Life does not begin at conception
One of the primary claims of the anti-abortion brigade is that “life begins at conception”, and because it is wrong to take a life, therefore it is wrong to abort a fetus (and perhaps wrong even to prevent a zygote from implanting by use of a UTI). However, this claim is not merely wrong, but ludicrously wrong.
Let me make an aside here. If you are of a religious bent, and if you believe in the existance of a soul, and if you believe that this soul is created, implanted, magicked into being, or otherwise attached to a developing human at some particular point in development, then of course that provides a logical point whereafter abortion may be seen as a crime against said soul. I think you are dead wrong about the existance of souls, but granted that premise, this objection to anti-abortionism does not apply to you. To you, all I have to say is this: Remember that your arguments are inherently non-secular and cannot carry force in a secular judicial system; and please remember that your arguments hold no force with those of us who are not religious.
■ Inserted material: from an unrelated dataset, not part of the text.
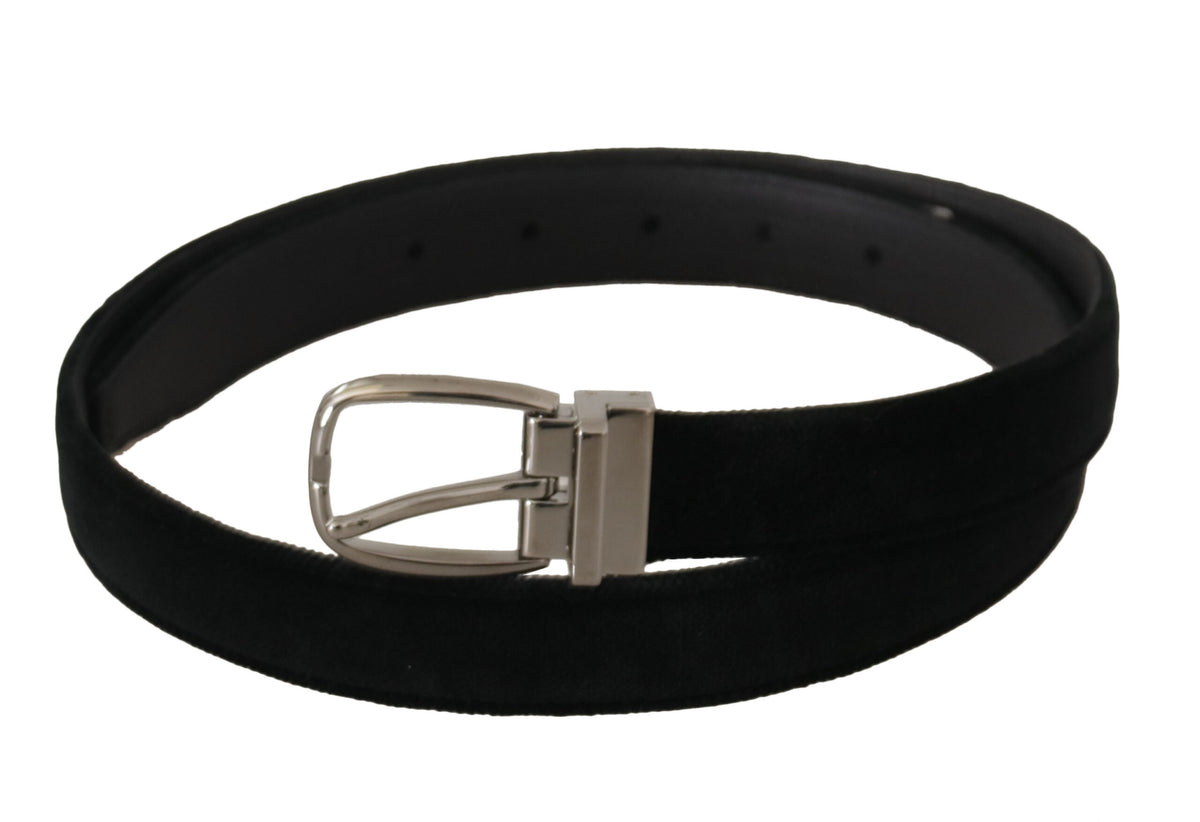 Dolce & Gabbana Black Classic Velvet Silver Tone Metal Buckle Belt schwarz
With that out of the way, let’s restate the obvoius: Life does not begin at conception. Conception, in us sexually reproducing animals, consists of the fusion of gametes—the sperm fertilises the ovum. But, and this should be painfully obvious to everyone, the gametes are alive. You are the product of a living spermatozoon and a living ovum. Fertilisation did not mark the creation of life, only the fusion of two living cells into a single living cell.
This fusion is certainly a defining moment in your life. Barring mutation so unlikely that I expect it can be discounted, and excepting rare conditions like chimerism and mosaicism, it is the last event that defines your genetic makeup, when the chromosomes you inherit from your parents merge. It is, in a very real sense, a defining moment. It is not, however, the defining moment, because there are many. Even after fusion, not every zygote goes on to successfully implant, and early pregnancies often terminate spontaneously. The biologist Lewis Wolpert famously said that “It is not birth, marriage, or death, but gastrulation which is truly the most important time in your life”.
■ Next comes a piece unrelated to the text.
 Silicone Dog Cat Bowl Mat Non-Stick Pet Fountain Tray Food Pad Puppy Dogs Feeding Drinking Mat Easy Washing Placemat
But before conception, a startling number of things had to happen in order to make you who you are. Before the fertilisation event was to matter at all, the specifics of meiosis in the germ line of each of your parents played as big a role in determining your genetic specifics as did the fertilisation itself: Meiosis, the process where a germ line cell divides into (haploid) gametes with half the chromosomal complement of a normal cell, is when the genetic contribution of each parent is determined. And of course any number of things had to happen very specifically in order to make you who you are, on this basis: Your parents had to have sex at just the right time when the spermatozoon and ovum each carrying half of your genes were alive and active. If they’d waited until next month, things would have been different…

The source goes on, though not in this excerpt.